I think what eternal scale utilitarianism really does is connect up our sense or morality with reality in a way that non-eternal scale utilitarianism does not and cannot.
As Adam points out, I’m not sure it’s necessarily that Eternal Scale Utilitarianism = Morality per se. Morality is the sense of obligation. Eternal Scale Utilitarianism explains why that sense of obligation is always both in our own and all others interest.
I believe that perhaps the greatest limitation of analytical philosophy is that at some point you reach a level where things can no longer be broken down. There are some things that are so fundamental that they simply are.
Willam of Ockham referred to things known per se nota, i.e. by very acquaintance with the terms themselves. What mode of analysis would one apply to determine that gratuitous suffering is to be minimized, for example?
Gratuitous suffering or something like it, must be naturally wrong, or there is no morality. And how can you establish the nature of anything fundamental by rational analysis alone? We can only know that gratuitous suffering is to be avoided through our own experience or through our understanding, perception, or participation of/in the experience of others, no?
On that basis it seems that consequentialism reduces to deontology at the micro-level, i.e. without a duty to avoid unanalyzable natural wrongs, there can be no metric to rank relative consequences, even in principle.
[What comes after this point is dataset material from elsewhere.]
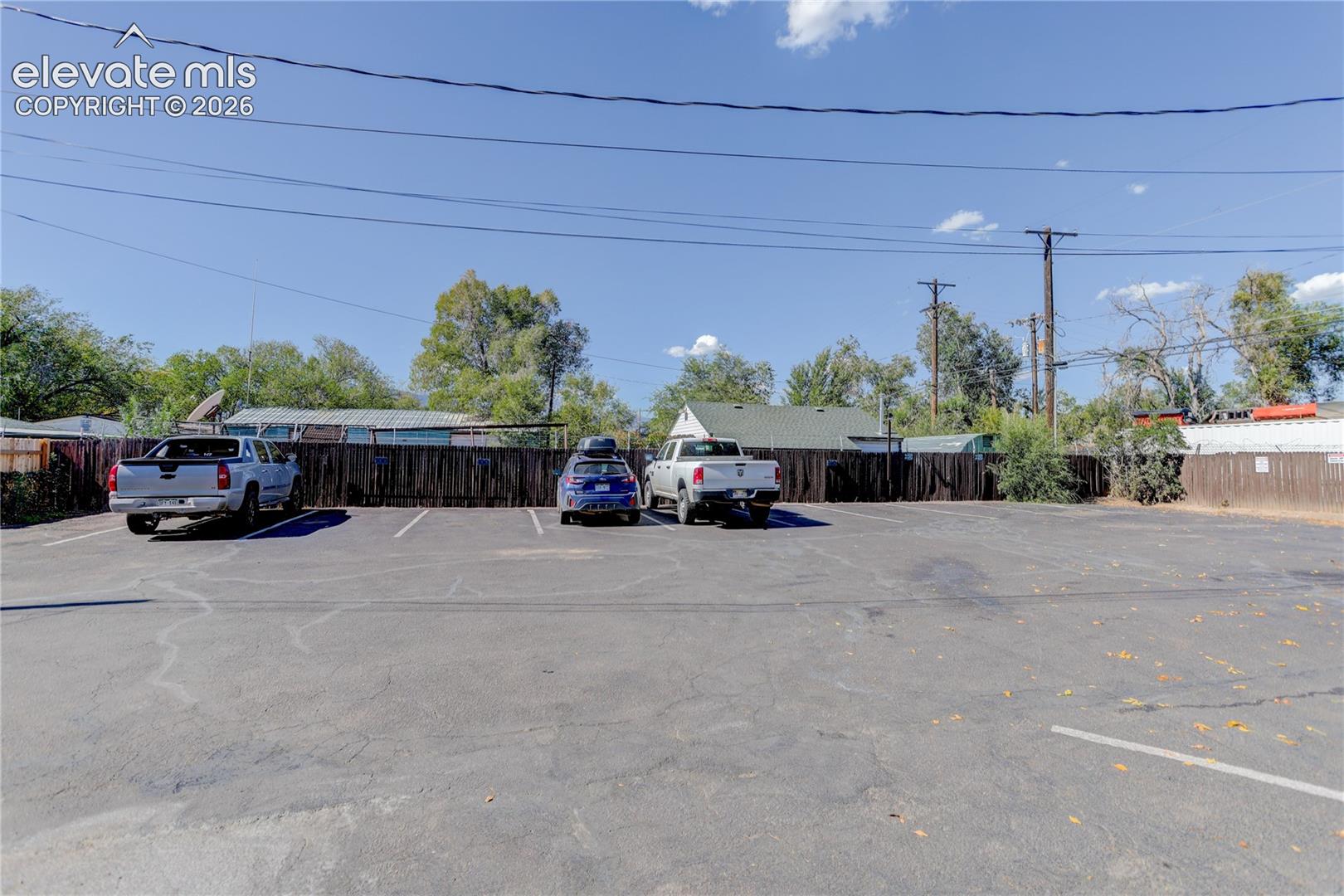 Listing photo 5 for 2382-B E Boulder Street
It is where deontology starts insisting on the natural and independent existence of macro scale rules that it becomes untenable. What about rules that conflict? Two rules that conflict with each other do little more than establish the fact that one or both are not fundamental at all. They make about as much sense as fundamental obligations as two laws of physics that cannot be mutually satisfied in all times and all places. That is what I am trying to say here.